…
StarogiPenpusher
Embarking on a mission to save his people from a terrible famin a young tribe leader must defeat his demons, both real and imagined, in order to restore peace and destroy a new dictatorship created by his once trusted second in command during his absence.
Share
I sense real potential in this story. The former ally turning against the hero is a powerful premise. Also there are several major obstacles to overcome: famine and a villain. The famine is the backdrop, much like the war in a war movie. The real drama is between the characters. However by putting the famine upfront in the logline, you’re weakening its dramatic power.
So an issue is the order in which you reveal the story information. The story really starts when the dictatorship is installed, which is only mentioned towards the end of the logline. I like when events in a story are revealed more or less (chrono)logically in the logline. That way it makes sense while we’re reading it and we don’t have to re-read too often.
“a young tribe leader must defeat his demons, both real and imagined” is the heart of this story and logline. Two problems here: 1) the ‘imagined demons’ refer to the character fears/flaw/weakness. In that sense, the statement is generic because pretty much every hero in every great story has to defeat their inner demons. 2) the real demons are at first not specified, then later in the logline you clarify it is in fact his second in command.
Thank you for the feed back.
Firstly, this is temporally confused. How can a dictatorship be formed in his absence when the young tribe leader is now “embarking” on his mission? No matter, easily fixed if the logline simply jumped to him returning after a long quest (which is a far more interesting set up). Secondly, while there is a long mythic tradition of this sort of scenario (including “The Lion King”), there is nothing in this logline to suggest there is anything unique or special about this particular tellIng of this tale motif. If this tribe is just another bunch of spear-throwers, then so what? Where’s the interest to be elicited from the reader?

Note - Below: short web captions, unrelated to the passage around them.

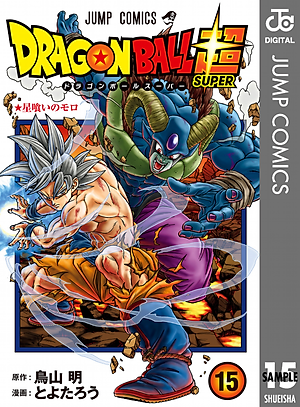 ドラゴンボール超 15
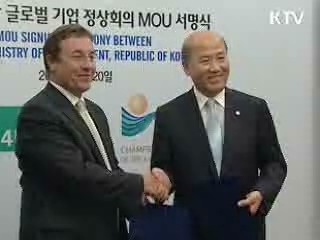 유엔환경계획 사무총장 "한국이 세계경제 녹색성장 선도"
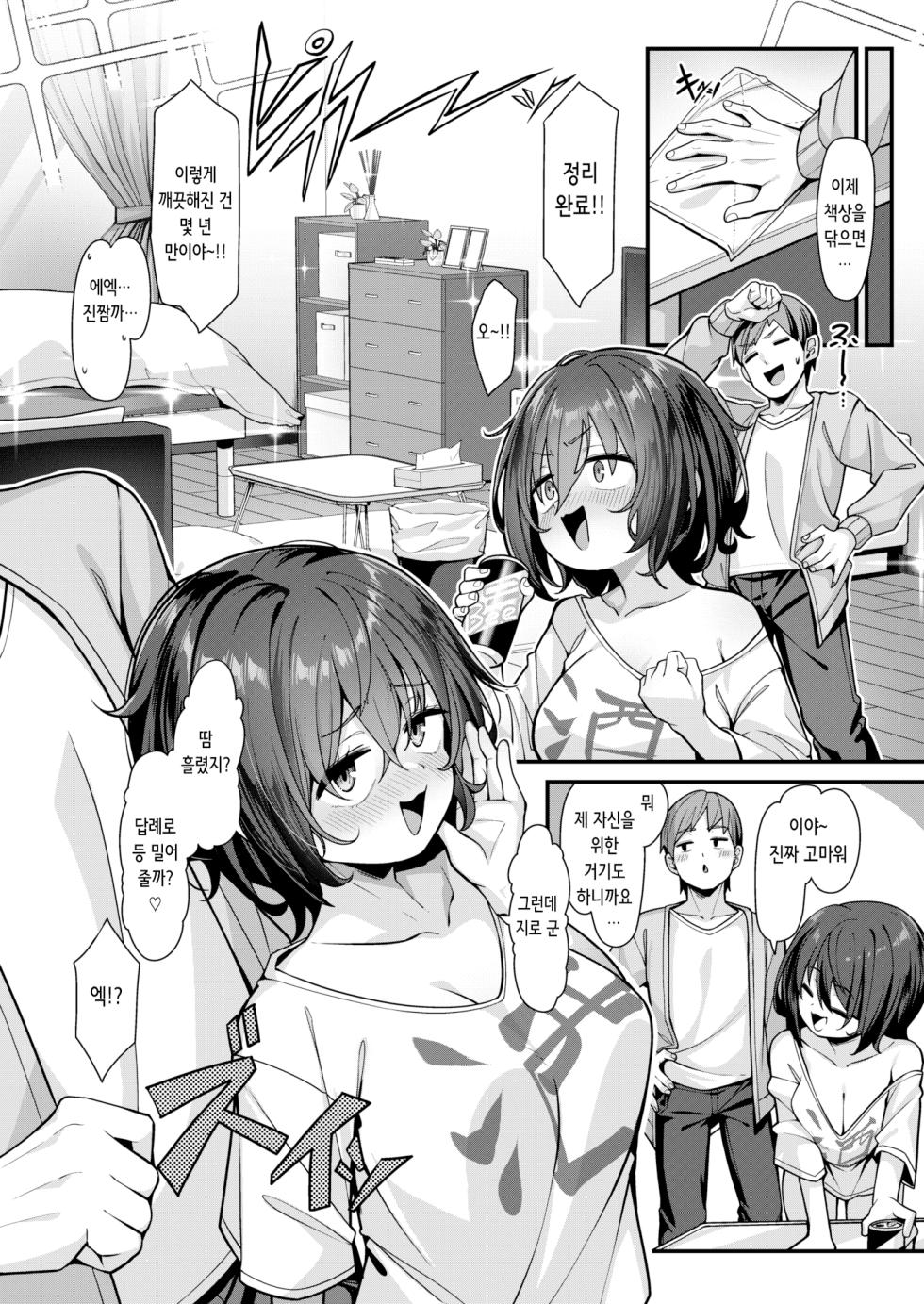 [Konnyaku] Zubora Otome no Nodoka-san | 칠칠치 못한 여자 노도카 씨 (COMIC Shitsurakuten 2024-09) [Korean] [Decensored] [Digital] - Page 6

At a minimum, the logline should paint something interestingly different about this tribe. Like, for instance, that they actually had high technology not long ago (say, a couple of generations back). Or even that they have consciously shunned technology for some philosophical or religious reason and are not at all “primitive” in their understanding of their world (for example, they may still have scientific understanding).
Steven Fernandez (Judge)
It’s actually a colony on another planet
You say tribe, does that mean, Native American, African, or perhaps Pigmy?
Definitely more streamlined.
Defeating inner demons is too vague, I think, for the logline. Whilst it may be true in the script, what is his outward goal?
” Embarking on a mission to save his tribe from a terrible famin a naive tribe leader must defeat his demons, both real and imagined, in order to restore peace and prosperity to his people….”
This a bit more challenging than i thought it’d be but thanks for the advice : )
I think the problem here is that the goal is very unclear, and as a result one can’t picture the film clearly in their head when they hear the logline.
For instance – the goal at first appears to be to end the famine that is hurting his people. But then the goal seems like it’s going to be surviving an exterior threat to his people. Then it appears it’s going to be about toppling a dictator who is also an ex-friend. I’m not suggesting that all of those things don’t happen in your movie, but for the purposes of the logline, I think it’s important to slice it down to the CORE story – who is the protagonist, what is the goal, what is the conflict or opposing force to achieving that goal, and what is at stake.
Also, because words are valuable in a logline, you’re better off not describing your character as “a young tribal leader”. Young doesn’t give us anything. Is he a “naive” tribal leader? Inexperienced? Ambitious?